Por: Vanessa Garcia
Era abril del
2006. El gran día había llegado y era el momento de partir. Atrás dejaba a mis
padres, mi hermana, mis amigas de infancia, mi ciudad, mi hogar y por supuesto,
mi zona de confort (aquel estado mental en el que me sentía segura).
Atrás dejaba mi
mundo, el único que hasta el momento había conocido, por la ilusión de un
futuro enriquecedor, prometedor y también desconocido.
Fueron varios
años materializando este gran sueño; Largos días, meses y horas soñando con
empezar una nueva vida en algún lugar lejano, independizarme económicamente,
aprender un nuevo idioma, conocer personas de diferentes partes del mundo,
viajar a fascinantes lugares, desarrollar mi carrera profesional en ese país y
por supuesto, la meta más grande: adquirir la ciudadanía australiana.
De Australia
sabia muy poco, pero lo suficiente para convencerme que Brisbane era la mejor
opción para mí. Esta hermosa ciudad costera a pocas horas de la imponente Gran
Barrera de Corral me recibió en una tarde soleada de otoño.
Mi primera
opción era viajar como niñera y aplicar para que alguna familia australiana me
diera la visa de patrocinio a cambio de vivir en su casa y cuidar de sus hijos
por un número acordado de horas semanales.
Meses después,
mi madre me expresa sus miedos e inseguridades con respecto a mis planes. “¿Qué
pasaría si tu nueva familia no se porta bien contigo?” “¿Y si se aprovechen de
ti? “Lo mejor es que lo hagamos por nuestros propios medios”, Me dijo
enfáticamente. “Aplicaremos a una visa de estudiante”. Sacudí mi cabeza en modo
de desaprobación “¿Mama, sabes lo costoso que es este tipo de visas?”
Seguidamente me explico que existía la posibilidad de acceder a parte de su
pensión, sus ahorros frutos del esfuerzo de casi 30 años de trabajo para
apoyarme en este gran sueño. En ese instante solo pensé en que de verdad la
vida, me había dado la mejor madre del mundo.
El vuelo de
Colombia a Brisbane fue 27 horas (con escala en Chile y Nueva Zelanda) que
parecieron eternas.
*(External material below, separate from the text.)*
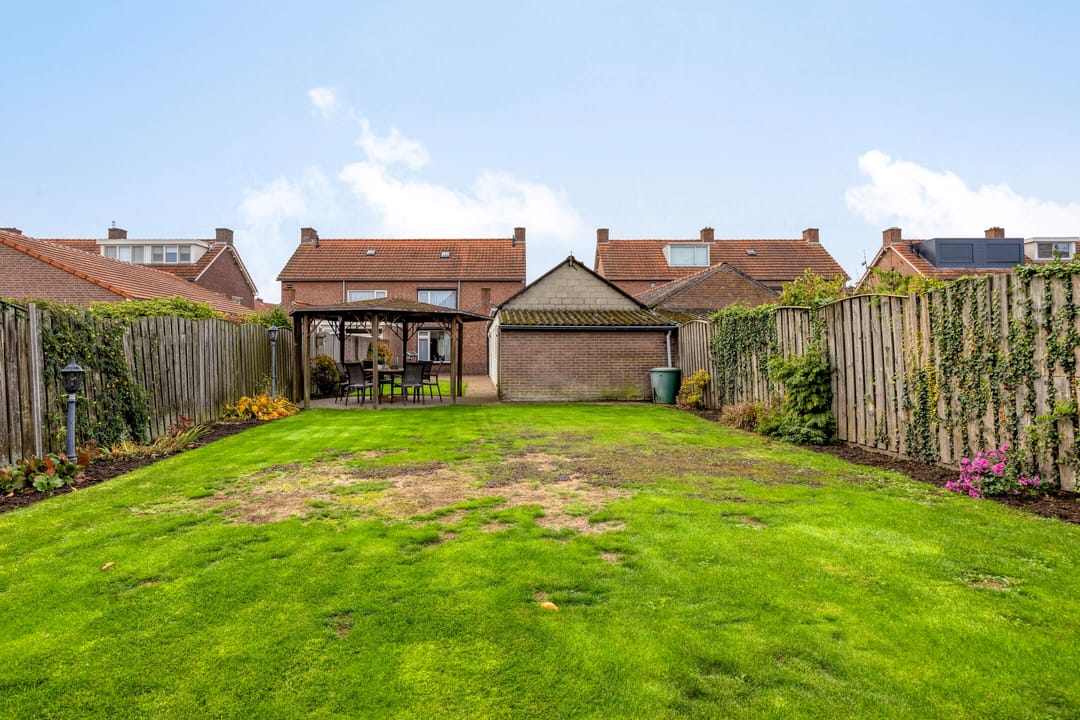 Foto 38 van Meidoornstraat 9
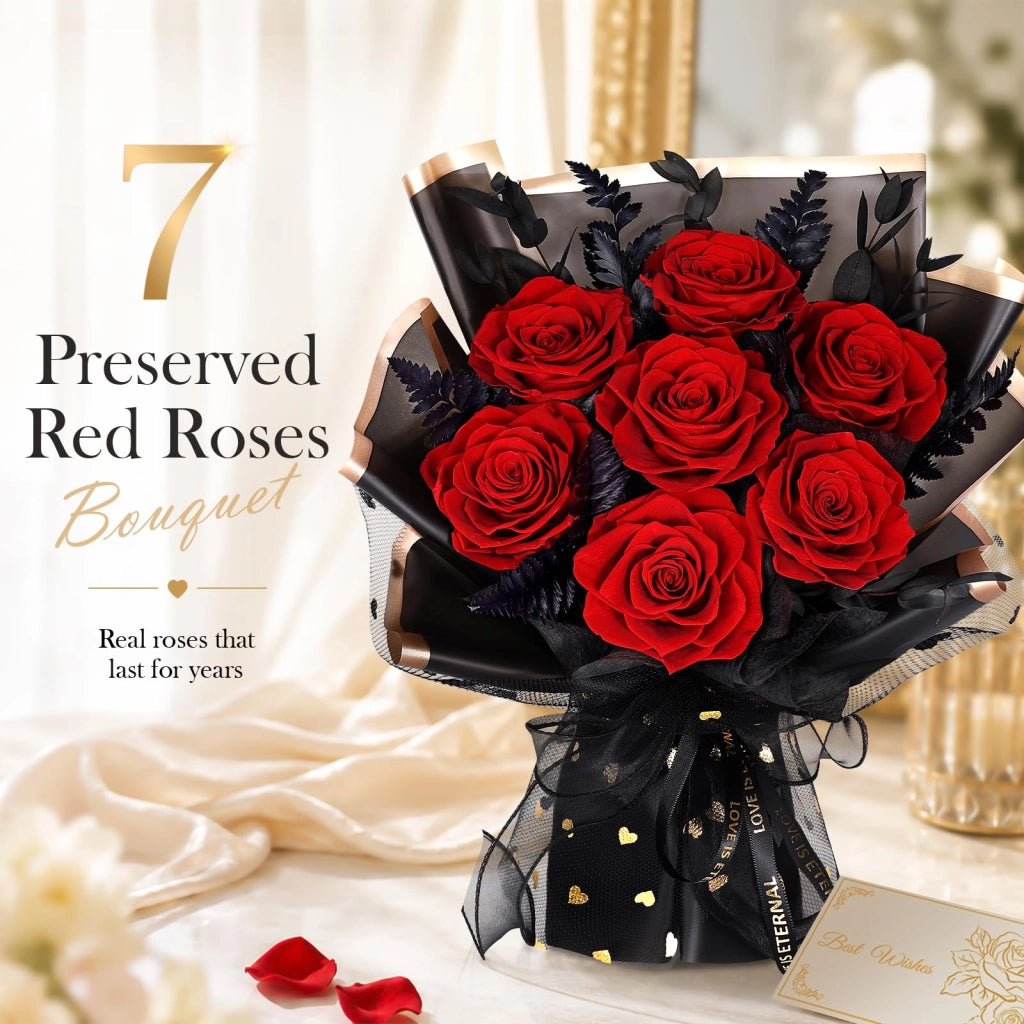 Composizione floreale con 7 rose rosse a lunga durata, elegantemente confezionata in nero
Cuando finalmente llegue al aeropuerto confundida, asustada
y ansiosa, divise a lo lejos a un desconocido sosteniendo un cartel amarillo
con mi nombre completo. Cuando me le acerque, me saludó, murmuró algo en ingles
que no entendí y solo sonreí aliviada porque finalmente después de un largo
viaje alguien cuidaría de mí, aunque fuera solo un extraño.
Mi primera
noche en Australia fue difícil: Había llegado a la casa de una
señora por recomendación del colegio donde cursaría mis estudios de Ingles. Me
sentía exhausta, nostálgica, confundida y con mucho temor. Dormí por muchas
horas, quizá para mitigar esa sensación de soledad. Cuando desperté no sabía ni
que día, ni qué hora eran. Con el poco inglés con el que contaba pedí algo de comer
y pedí una llamada para saludar a mis padres. No pude contener mis lagrimas al
escuchar sus voces acariciándome el alma. Una parte de mi quería regresar a
casa, pero la otra parte de mi sabía que tenía que intentarlo y dar lo mejor de
mí. Ya no había marcha atrás.
Y fue así como
del otro lado del mundo, sola, sin un computador, sin internet, sin celular, sin
amigos ni familia y con poco dinero en los bolsillos y todo mi pasado empacado
en una maleta de tan solo 20 kilos, empecé a vivir el sueño australiano, el que
aun sigo luchando y disfrutando después de casi 15 años.
En ese momento
no comprendía que mi verdadera riqueza era y sigue siendo, las ganas incasables
de salir adelante y luchar por mis sueños.